Un amigo ya entrado en años, de cuya palabra no tengo razones para dudar, me informa que “se enganchó” a la policía en 1962 y que su sueldo como raso era de 80 pesos, los cuales le alcanzaban para comer, andar limpio y muchas cosas más.  Y aunque dudara del dato, sí conozco que el salario mínimo vigente ese año para cualquier trabajador público o privado era de 60 pesos mensuales. Si eso era lo mínimo, y conociendo que Trujillo no comía cuentos con sus guardias y  policías, no es de extrañar que por ese tiempo estos recibieran mejor remuneración que otros trabajadores.

Según el índice de precios, un peso de 1962 sería, en términos de poder adquisitivo, unos 266 pesos de hoy. Por tanto, si fuera la intención de la sociedad que el policía ganara lo mismo que en dicho año tendría que pagarle alrededor de 21,300 pesos ahora. Pero ningún país debería sentirse contento de que sus miembros ganen igual ahora que medio siglo atrás. Posterior a esa fecha, según el Banco Central, el ingreso nacional per cápita aumentó en un 295% y el PIB por trabajador ocupado (la productividad) se incrementó en un 166%.
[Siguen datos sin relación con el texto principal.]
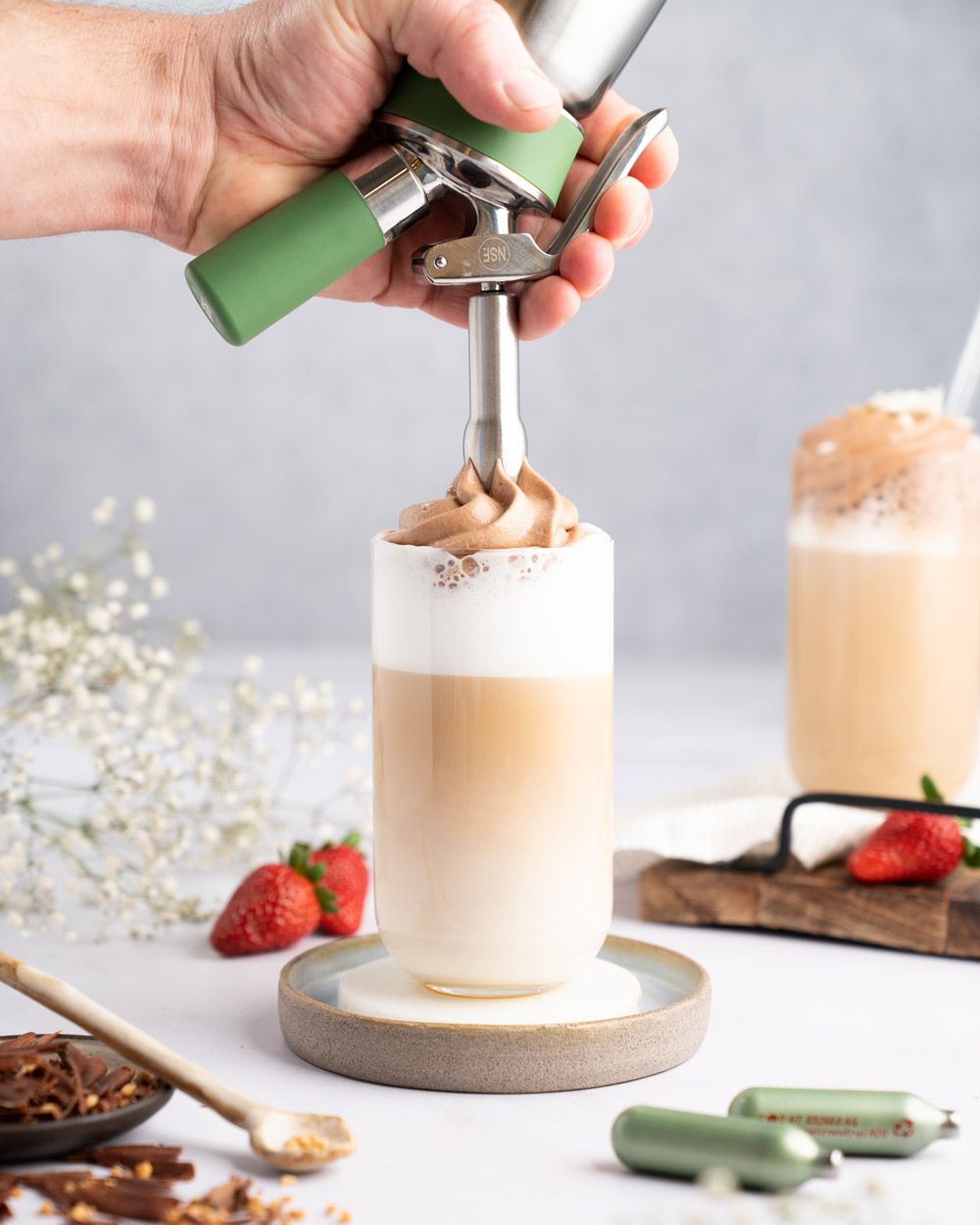 Jemand sprüht mit einem iSi Creative Whip Nutella-Topping auf ein Kaffeegetränk. Daneben zwei iSi Charge Kapseln, Erdbeeren und ein fertiges Getränk.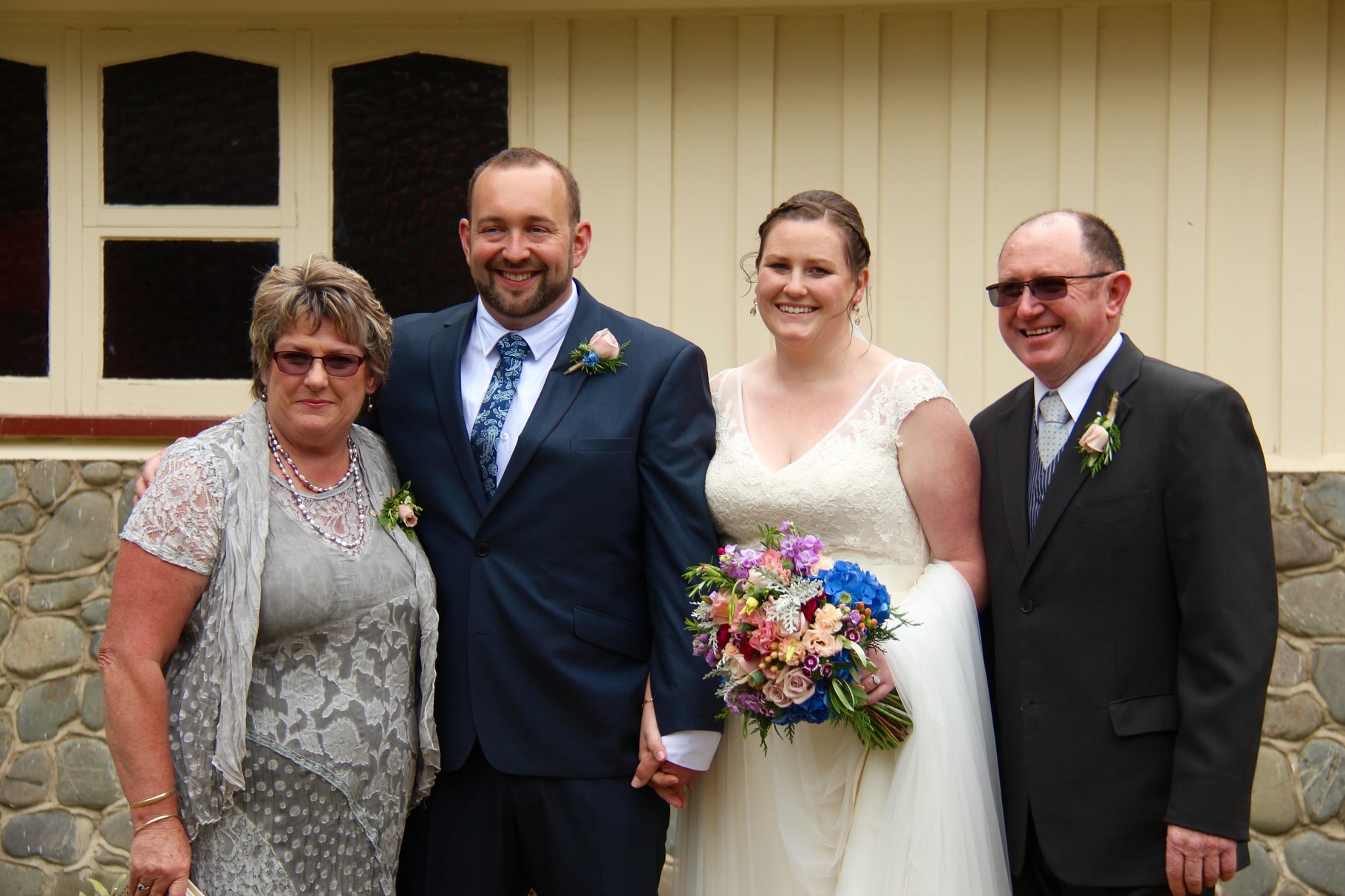 Mum and Dad with the happy couple. Mum looking gorgeous!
Si fuera intención del país que el sueldo medio del policía se hubiera ajustado acorde a la evolución del ingreso per cápita, entonces habría que hablar de 80 mil pesos de hoy. Ahora bien, si admitimos que eso no es lo más justo, puesto que aquel sueldo debía cubrir un “cápita” más numeroso debido a que la mujer no trabajaba y tenía muchos hijos, un criterio más razonable es que los sueldos aumentaran acorde a la productividad media del trabajo, y eso nos llevaría a un salario actual de RD$56,600 mensuales.
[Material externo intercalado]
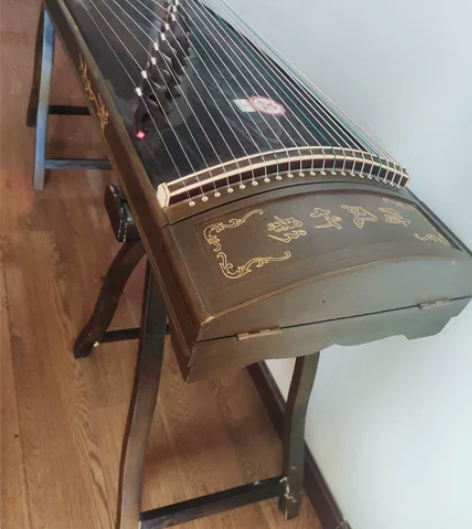 古筝,根新的一样,可刀,同城自提。哄孩子玩...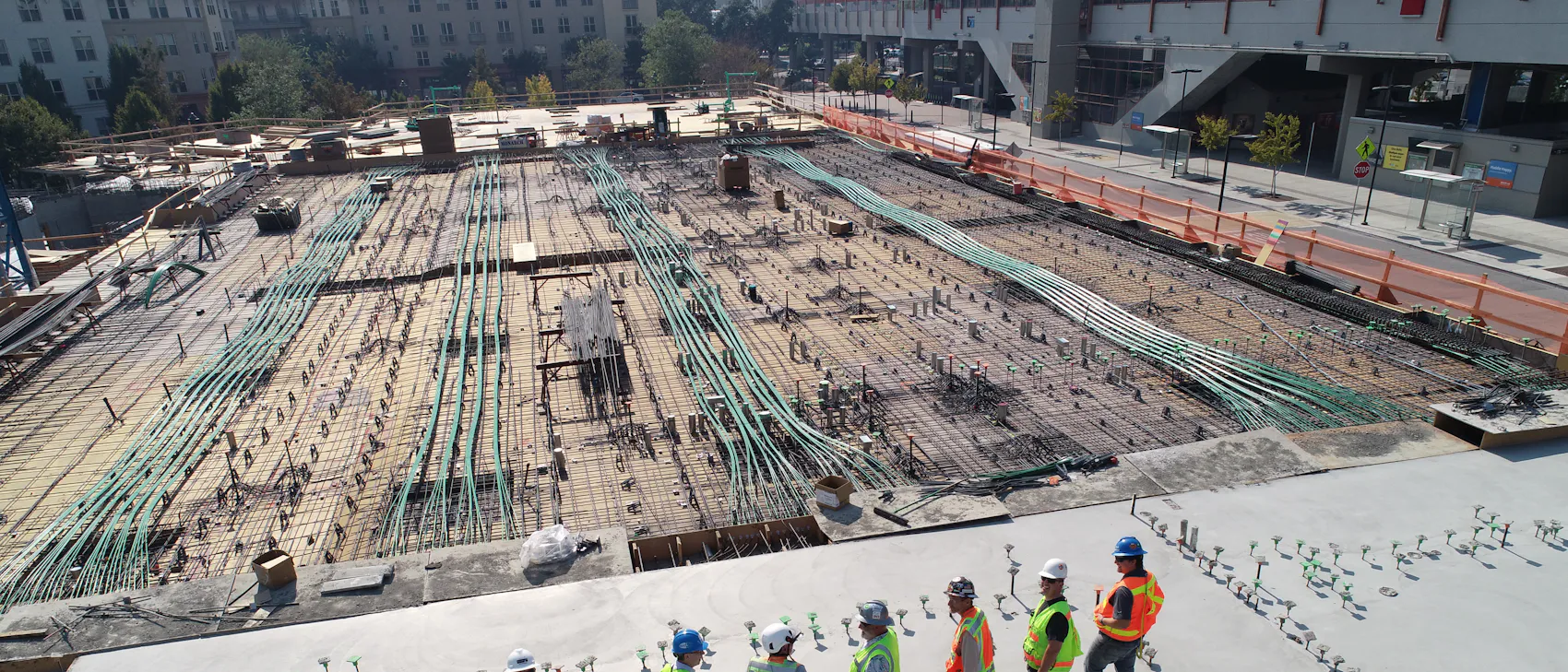 Aerial view of an engineering team standing on a freshly poured concrete slab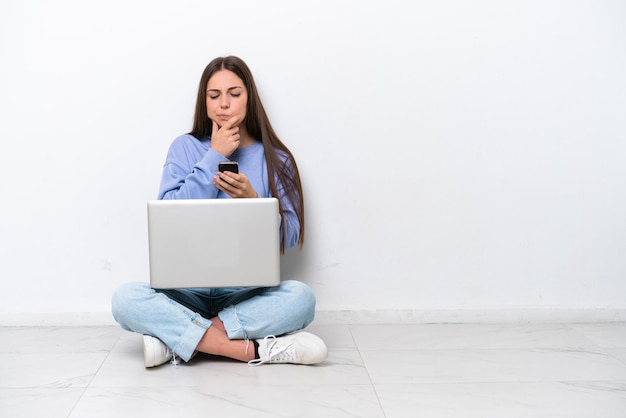 Jonge blanke vrouw met laptop zittend op de vloer geïsoleerd op een witte achtergrond denken en een bericht verzenden
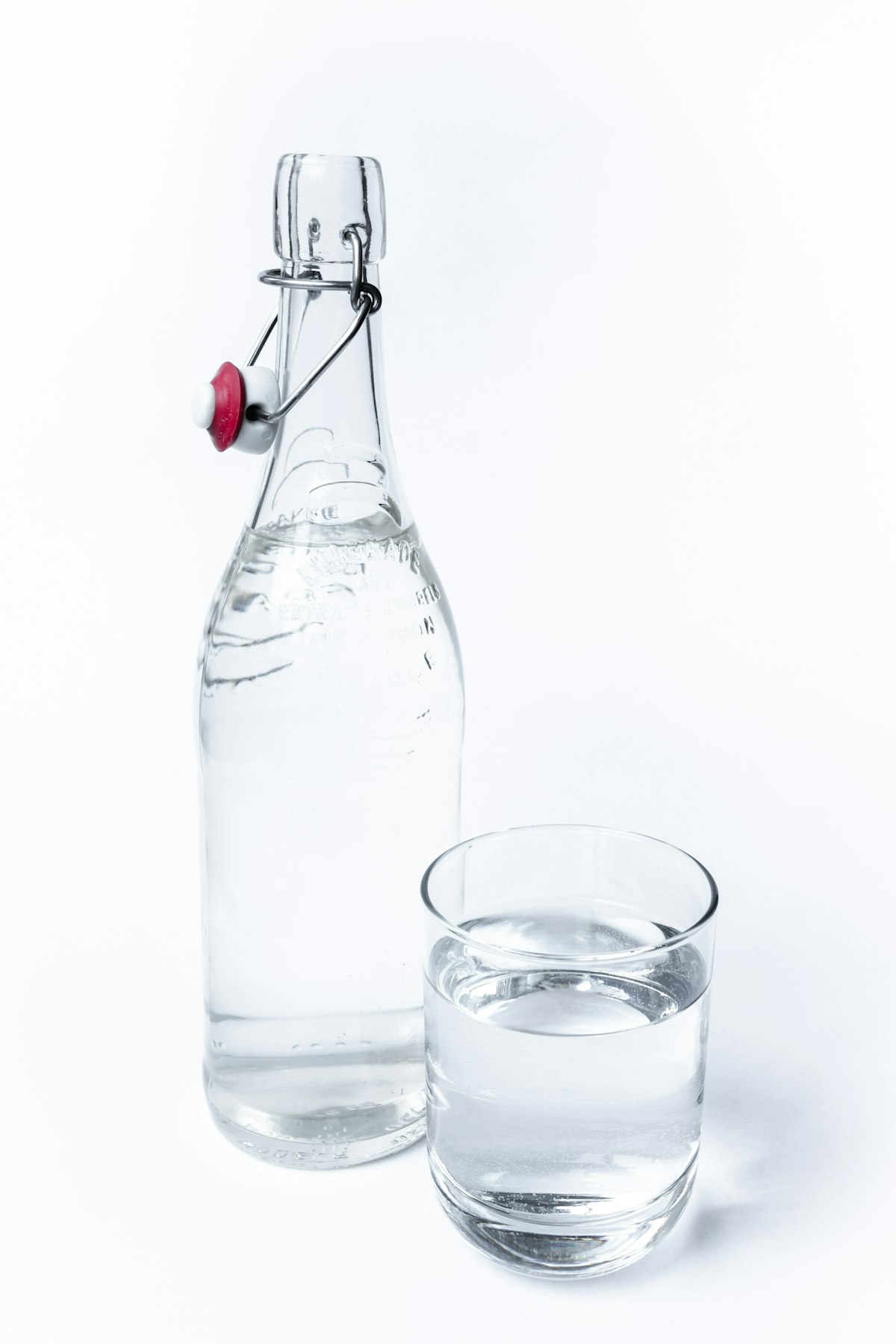 A clear glass carafe with a tumbler on top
Claro está, tampoco es de ley que todos los sueldos se ajusten igual por la productividad media, debido a que esta es un promedio, y ya sabemos que en todas las sociedades la función policial es de las que menos tecnología absorbe, debido a que se hace igual en todos los tiempos. Sin embargo, como hay determinados trabajos que la sociedad necesita siempre porque suplen una necesidad fundamental, los países han encontrado formas de nivelar un poco esos diferenciales de productividad por medio de los impuestos, que permiten transferir ingresos de unos sectores a otros que no pueden desaparecer. Por eso, en un país desarrollado, aunque un policía haga lo mismo que hacían sus ancestros un siglo atrás, gana igual que un trabajador de un sector moderno. Por una simple razón de justicia social, los demás sectores tienen que pagar los costos de mantener funcionando bien a la policía.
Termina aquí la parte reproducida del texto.